幕間3-① 異世界通信の手がかり見つけたにゃ

 エリクサー騒動も沈静化し、地球に戻って半年程が経過していた。

 ずっと空いた時間があれば、アイテムボックスの中の異次元空間で繋がっているであろうトリアムの転移陣を探していた。

 異次元の世界がどのくらいあるのか、そしてそれぞれの時間軸が一緒なのか等の不明な部分が多すぎるが地道に探すかしか無いと思い、いろいろなラノベを来夢に買ってきてもらったタブレットを使って読み漁り、物理関連の本を読み漁り何かしらのヒントにならないかを探っていた。猫にでもわかる相対性理論は猫の俺にも解らなかった……

 異世界に行くとチートで並列思考等もらえる人もいるらしいが、駄メルの加護はそこまで無く、頭の回転は全然変わらなかった。まぁ猫の脳で人間と同じように考えられるだけマシだと納得するしかなかった。


 全く魚がいない死海で釣りをしているような毎日を送る日々だったが、漠然とトリアムの世界を探していたが、姫たちに場所を特定出来るアイテムを渡していた事に気がついた。本来は危険があった時に自動発信するように付加していた魔石だが、こちらの世界のGPSと同じようなイメージを埋め込んでいたので、もしかしたらそれを追跡出来ないかを考えてみた。

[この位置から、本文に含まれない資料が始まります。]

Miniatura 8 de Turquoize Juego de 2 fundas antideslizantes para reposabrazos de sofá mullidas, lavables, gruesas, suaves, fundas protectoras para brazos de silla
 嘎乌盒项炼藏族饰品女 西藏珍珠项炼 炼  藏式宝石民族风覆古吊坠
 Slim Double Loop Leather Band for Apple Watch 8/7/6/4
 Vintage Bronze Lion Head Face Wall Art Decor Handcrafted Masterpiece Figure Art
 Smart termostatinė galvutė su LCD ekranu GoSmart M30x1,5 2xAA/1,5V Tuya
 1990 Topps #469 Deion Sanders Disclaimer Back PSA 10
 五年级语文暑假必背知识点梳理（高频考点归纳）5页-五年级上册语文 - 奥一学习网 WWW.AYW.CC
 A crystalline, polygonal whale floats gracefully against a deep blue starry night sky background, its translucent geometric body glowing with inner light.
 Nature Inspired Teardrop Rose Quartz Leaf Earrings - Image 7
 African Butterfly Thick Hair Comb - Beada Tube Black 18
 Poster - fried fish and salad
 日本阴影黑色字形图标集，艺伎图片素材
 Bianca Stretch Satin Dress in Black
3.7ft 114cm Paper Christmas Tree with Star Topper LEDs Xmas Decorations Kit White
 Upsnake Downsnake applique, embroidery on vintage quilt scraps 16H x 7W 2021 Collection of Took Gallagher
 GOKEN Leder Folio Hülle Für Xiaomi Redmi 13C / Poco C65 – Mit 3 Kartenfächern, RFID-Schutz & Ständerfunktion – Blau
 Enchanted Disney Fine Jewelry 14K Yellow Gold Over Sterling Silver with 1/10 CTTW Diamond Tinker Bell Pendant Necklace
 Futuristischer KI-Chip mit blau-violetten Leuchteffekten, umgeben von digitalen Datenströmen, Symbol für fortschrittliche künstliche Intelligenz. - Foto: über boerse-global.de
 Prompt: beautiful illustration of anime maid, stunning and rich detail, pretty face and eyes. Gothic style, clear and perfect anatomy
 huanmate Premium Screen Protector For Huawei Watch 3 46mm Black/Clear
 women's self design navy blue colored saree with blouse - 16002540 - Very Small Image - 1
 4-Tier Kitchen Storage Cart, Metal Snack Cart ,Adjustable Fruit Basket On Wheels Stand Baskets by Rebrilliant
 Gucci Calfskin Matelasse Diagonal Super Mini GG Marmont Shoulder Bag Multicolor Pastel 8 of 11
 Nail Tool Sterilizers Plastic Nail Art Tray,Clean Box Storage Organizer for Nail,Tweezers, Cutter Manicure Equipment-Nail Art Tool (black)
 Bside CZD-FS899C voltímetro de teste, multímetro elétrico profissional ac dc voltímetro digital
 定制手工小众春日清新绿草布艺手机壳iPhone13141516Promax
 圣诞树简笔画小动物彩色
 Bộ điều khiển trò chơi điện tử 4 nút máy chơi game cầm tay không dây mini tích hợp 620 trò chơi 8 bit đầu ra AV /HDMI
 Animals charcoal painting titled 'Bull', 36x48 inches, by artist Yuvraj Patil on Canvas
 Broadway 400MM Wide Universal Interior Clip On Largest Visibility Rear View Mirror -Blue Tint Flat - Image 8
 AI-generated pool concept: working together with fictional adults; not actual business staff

 アイテムボックスに手を突っ込み、クリスティーネ 王女の魔石を探すイメージを膨らませていく。サーチをかけると魔力がごっそりと抜けていくのが感じられ、駄女神に絶対に使うなと言われた大規模魔法を使えるくらいの魔力が抜けていった。

 もう駄目だと思った瞬間、細い蜘蛛の糸を掴むような感覚が指先にあり、意識をその糸のようなものに集中すると段々蜘蛛の糸がどんどん太くなり絹糸の太さになり、更に集中するとそれがタコ糸の太さになり最終的にはロープの太さで繋がったような気がした。ただそれを手繰るたぐるだけの魔力が残っていなかったので、そのロープを無くさないように意識を固定をして船から桟橋の杭にロープを結ぶイメージで固定する。

 魔力が回復したらこれを手繰っていけば繋がるような気がした。


 ヘロヘロになってリビングに向かうと来夢が俺を見てびっくりしていた。


「トラちゃんどうしたの? ゲッソリとした感じだけど?」


『今日はちょっと頑張り過ぎたにゃ、何か力の出る料理が食べたいにゃ』


「じゃ今日はスタミナ丼スペシャルにするね! 豚バラにニラにニンニクも入って滅茶苦茶臭い料理だけど、元気バリバリになるよ!」


『臭そうだにゃ……』


 ちょとピリ辛のタレでとても美味しかったが、息をするたびにニンニクの匂いが香るのが少し困ってしまった。早く寝て少しでも魔力を回復させないといけない。向こうの世界よりも魔素が少ないせいかこの様子だと3日ほど魔力が貯まるまでには時間が必要だと思い、3日間程は魔力を使わないようにシロ達やマル達と今後の猫神社での展開について話をしたりして回復するのを待った。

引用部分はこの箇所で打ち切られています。